The archaeology program at AUM and the Alabama Historical Commission continue the excavation of the archaeological remains of a mid-18th century French farmhouse at Fort Toulouse/Fort Jackson Historic Park near Wetumpka, Alabama. This building was located about 120 meters southwest of the second Fort Toulouse (A.D. 1749-1763).
During the summer of 2001, AUM student and volunteers from the greater Montgomery area spent 10 weeks unearthing some of the foundation trenches of an unusually large wooden frame structure measuring 32 feet on the one completely revealed side. Associated ceramic shreds, bottle glass, and iron nails and hardware indicate a mid-18th century date for the structure.
Excavations have not uncovered enough of the structure to determine features such as partitions, doors, or chimneys, but a possible gallery or porch is located on the north side of the house. The house was enclosed by a series of fences, some of which extent over 120 feet.

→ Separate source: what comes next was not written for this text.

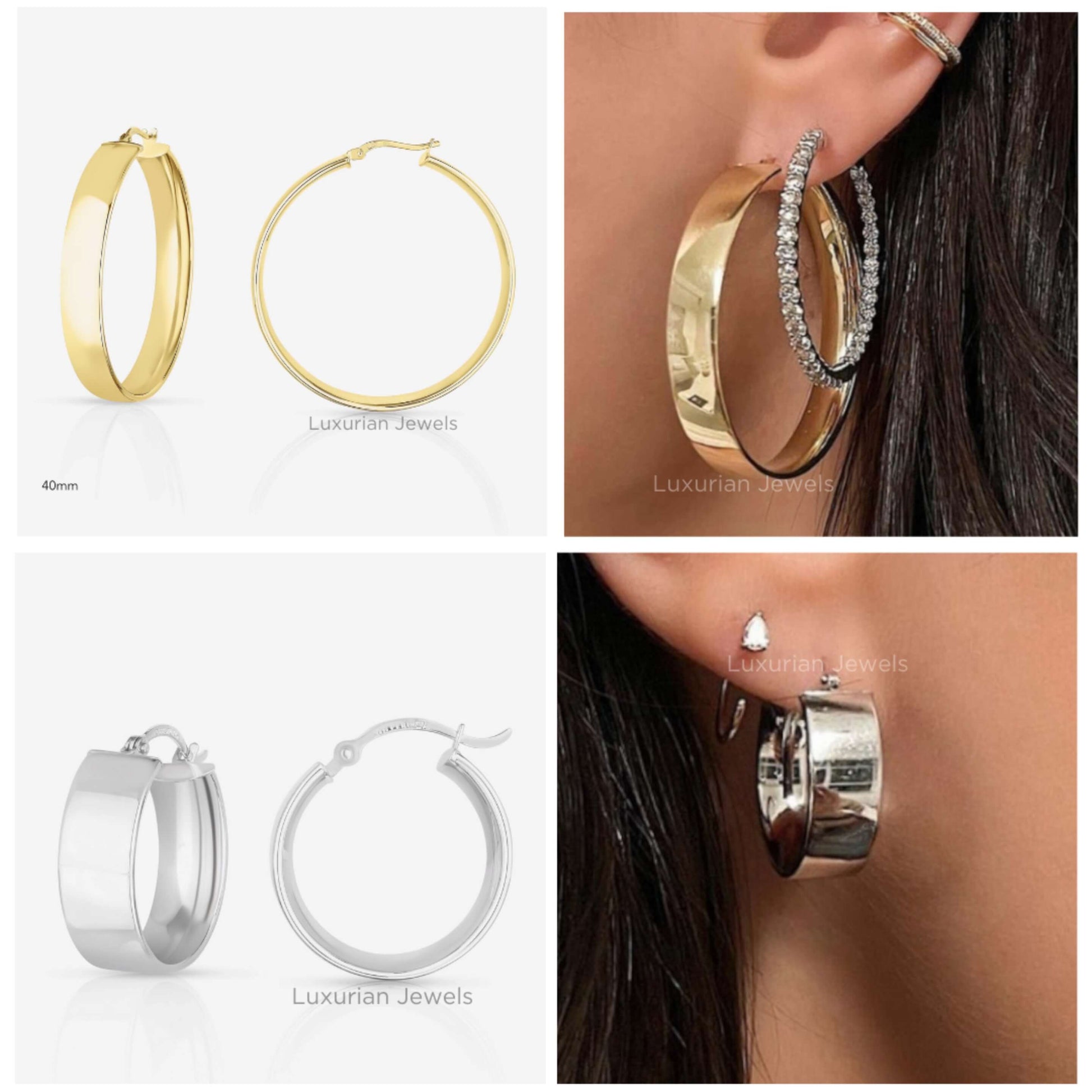  Solid Gold Round Hoop Earrings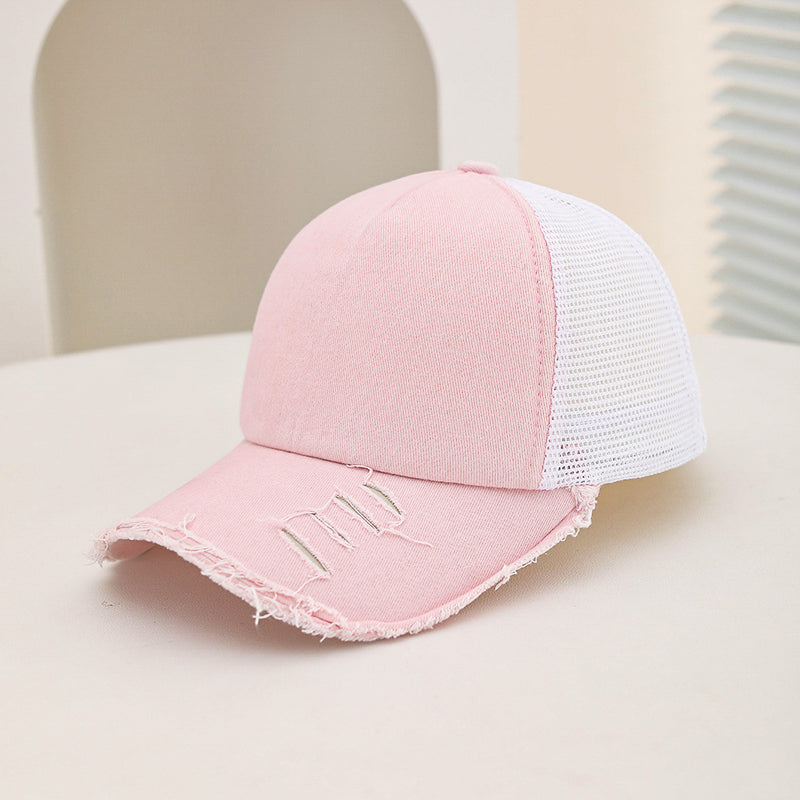 Men's And Women's Style Wide-hole Padded Edge Washed Sponge Top Patchwork Mesh Trucker Cap Trendy Baseball Cap Suitable For Daily Casual Outings Practical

Available historic records suggest that about half of the French Colonial Marine garrison were married and lived outside of the fort in small farmsteads. Actual military duty demanded relatively little of a marine's time. Lowly paid and poorly provisioned, garrison members produced most of their food through cultivation of small fields and raising of livestock. Many traded with the nearby Indian community of Pakana for foodstuffs, ceramic vessels, and deerskins.
The reconstruction of Fort Toulouse was Alabama's official Bicentennial Project. Archaeological excavations of the fort and enclosed buildings began in 1972 and continued until 1984. A replica of the second Fort Toulouse (1749-1763) was built on the eastern side of the park. Little is known of the life of the ordinary French Marine outside of his official activities within Fort Toulouse, hence the present excavations of the farmstead.